The sensor-contact lens combination was placed on the eye, with the tears filling between the back surface of the contact lens and cornea (Fig. 1). To obtain a stable measurement of eyelid pressure, the subject was required to maintain constant fixation during measurement, with limited eyelid movement. The most stable measurements were achieved when the nonmeasurement eye was manually held closed by the subject while fixation in the tested eye was maintained in a direction of approximately 10° downward gaze. Eyelid pressure measurements (each at 5 Hz) were taken until at least two, and preferably three, successful measurements were captured (that is, with the eyelid in the correct position on the sensor for at least 20 seconds). With a mean of 2.8 recordings per subject, each for approximately 12 seconds at 5 Hz, there was a total mean of 168 pressure readings per subject.

Given that the region of the eyelid contacting the sensor could not be visualized during pressure measurement, a front-view video of the eye was recorded to estimate the position of the eyelid margin (Fig. 1). This was exported as .jpg images at 5 Hz and later analyzed with custom-written image processing software. The eyelid position (i.e., eyelid margin and estimated contact region with the ocular surface) relative to the lower edge of the pressure cell was determined (Fig. 2).



schematic of the eyelid margin
FIGURE 2. Schematic of the eyelid margin contacting the underlying pressure cell. (A) Side view and (B) front view showing the eyelid margin position relative to the lower edge of the pressure cell.

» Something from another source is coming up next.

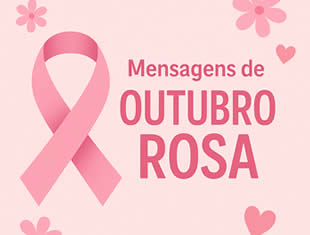 Mensagens de Outubro Rosa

A computer program (written for MATLAB; MathWorks, Natick, MA) was used to filter the sensors pressure output data dependent on eyelid position with respect to the pressure cell. The first 10 seconds were discarded because of the initial noisy sensor response.13 Outliers (>1.96 SD from the mean) were removed, most often because of eyelid twitches (i.e., small errors of eyelid movement detected in the front video recording). Assuming that the maximum pressure value occurs when the eyelid is in the correct position on the sensor, 50% of the power of the maximum pressure was used to define a lower boundary limit of data acceptance (upper half criterion). This is equivalent to 1/√2 of the signals maximum amplitude or the logarithmic -3 dB criterion commonly used in acoustics21 and the half-width point spread function used in retinal image metrics.22 The raw scores within the upper half criterion were averaged, and the mean raw score was converted to actual pressure units (mm Hg) using the corresponding calibration equation. An example of an eyelid pressure measurement and the corresponding eyelid position is shown in Figure 3. Although the eyelid moved steadily downward over the sensor during the measurement (dashed line), the corresponding pressure measurement was approximately a step function (solid line). Eyelid pressure was zero (-1 on the graphed normalized scale) after 52 seconds, when the primary contact point of the eyelid moved downward past the pressure cell. Pressure was no longer measured by the sensor (now well under the eyelid), suggesting that a band of the eyelid margin applied pressure to the ocular surface, whereas the remaining eyelid applied very little pressure (below the measurement noise of this technique).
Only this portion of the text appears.